I'm trying to repair a JSON feed using re.sub() regex expressions in Python. (I'm also working with the feed provider to fix it). I have two expressions to fix:

1.

      "milepost":       "
      "milepost":       "723.46

which are missing an end quote, and

2.

    },

}

which shouldn't have the comma. Note, there is no blank line between them, it's just "},\\n }" (trouble with this editor...)

I have a short snippet of the feed, located at: http://hardhat.ahmct.ucdavis.edu/tmp/test.txt

Sample code below. Here, I have tests for finding the patterns, and then for doing the replacements. The match for #2 gives some odd results, but I can't see why: Brace matches found: [('}', '\\r\\n }')]

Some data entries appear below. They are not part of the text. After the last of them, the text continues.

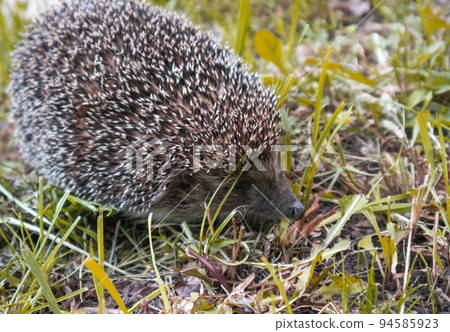 Cute hedgehog on the background of green grass in the forest Cute hedgehog on the background of green grass in the forest 94585923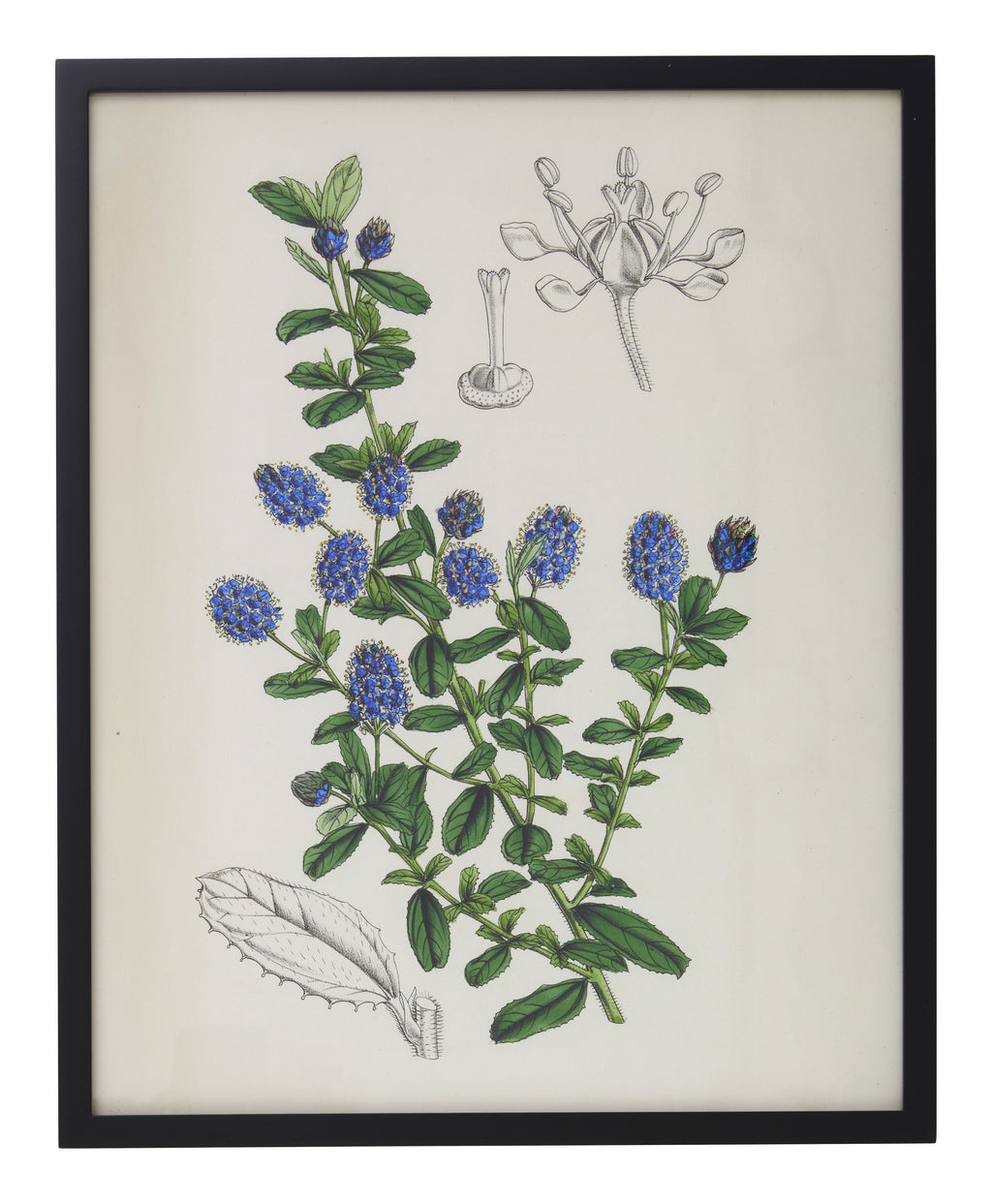 Jayson Home - Vintage Ceanothus x Lobbianus Botanical Print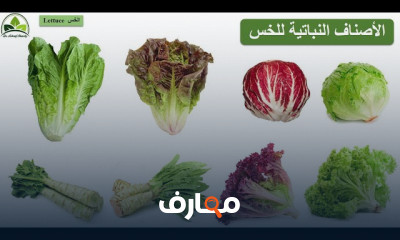 زراعة الثوم الأخضر بالمنزل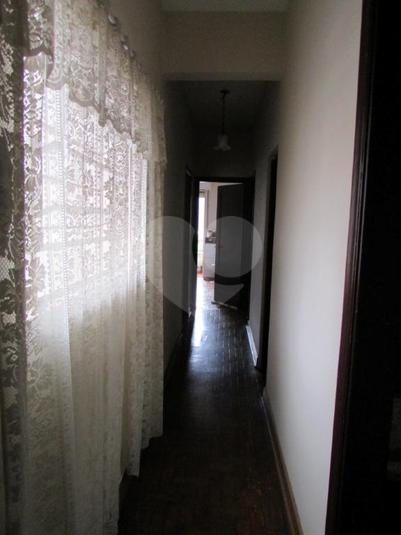 Foto REO302568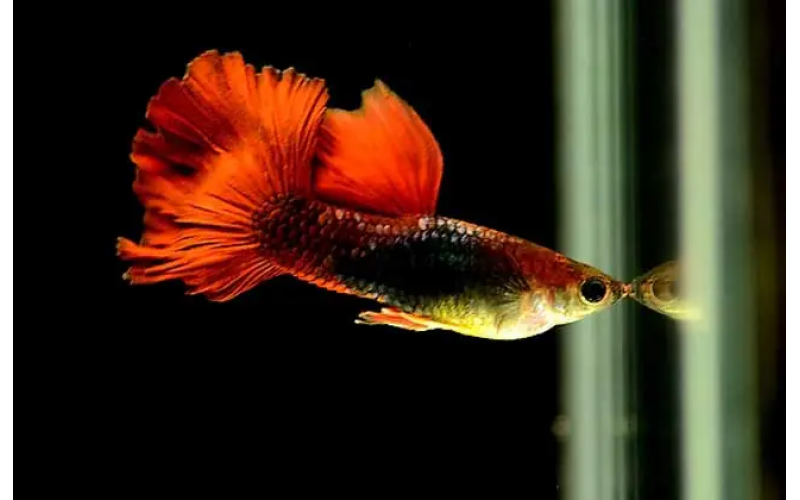 新手推薦——養(yǎng)孔雀魚需要注意的六個方面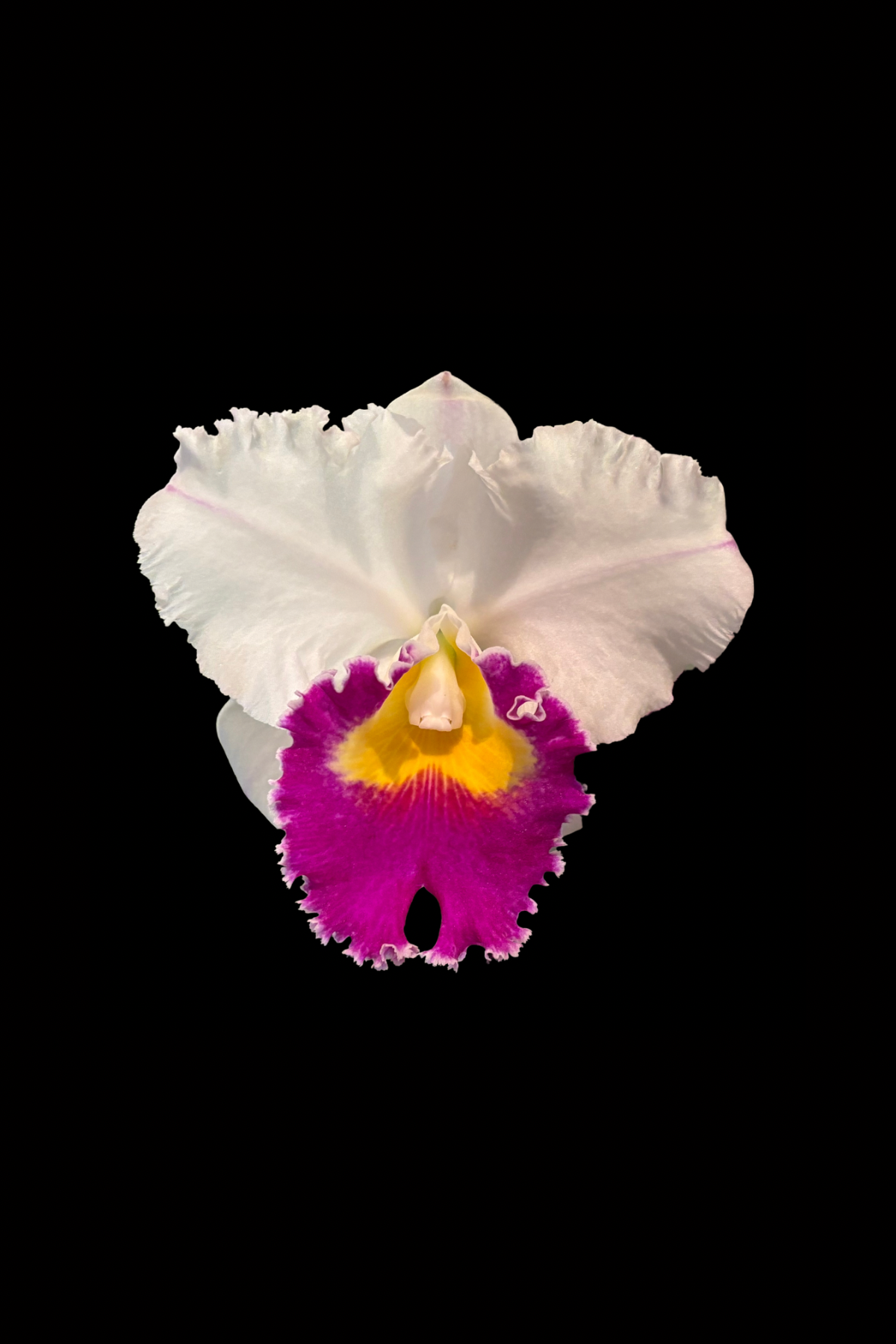 Flower Photo 4”x6” Mini Print - Black Background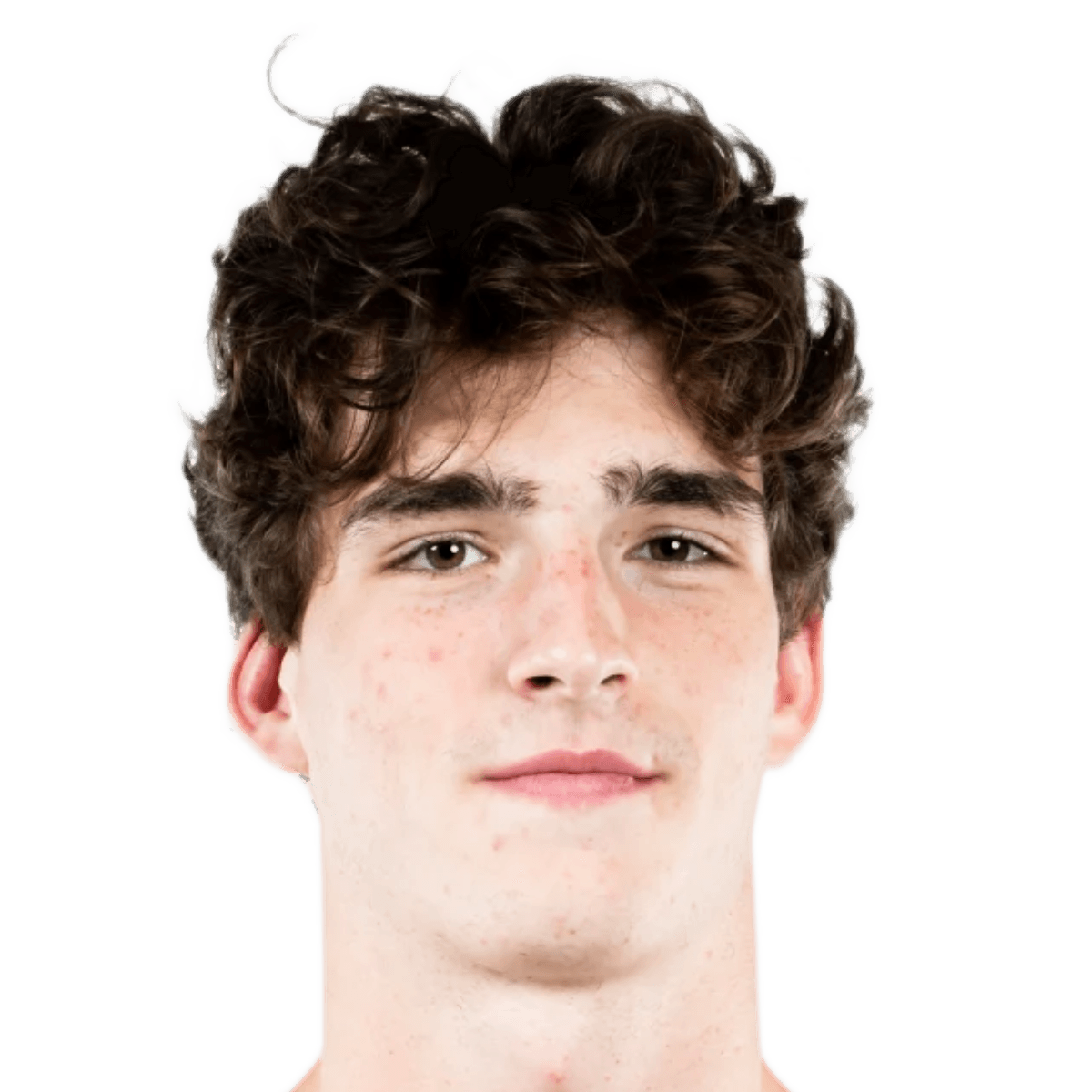 Guillaume DE MOL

The match for #1 seems good.

Main problem is, when I do the re.sub, my resulting string has "\\x01\\x02" in it. I have no clue where this is coming from. Any advice greatly appreciated.

Sample code:

import urllib2
import json
import re

if __name__ == "__main__":
    # wget version of real feed:
    # url = "http://hardhat.ahmct.ucdavis.edu/tmp/test.json"
    # Short text, for milepost and brace substitution test:
    url = "http://hardhat.ahmct.ucdavis.edu/tmp/test.txt"
    request = urllib2.urlopen(url)
    rawResponse = request.read()
    # print("Raw response:")
    # print(rawResponse)

    # Find extra comma after end of records:
    p1 = re.compile('(}),(\r?\n *})')
    l1 = p1.findall(rawResponse)
    print("Brace matches found:")
    print(l1)

    # Check milepost:
    #p2 = re.compile('( *\"milepost\": *\")')
    p2 = re.compile('( *\"milepost\": *\")([0-9]*\.?[0-9]*)\r?\n')
    l2 = p2.findall(rawResponse)
    print("Milepost matches found:")
    print(l2)

    # Do brace substitutions:
    subst = "\1\2"
    response = re.sub(p1, subst, rawResponse)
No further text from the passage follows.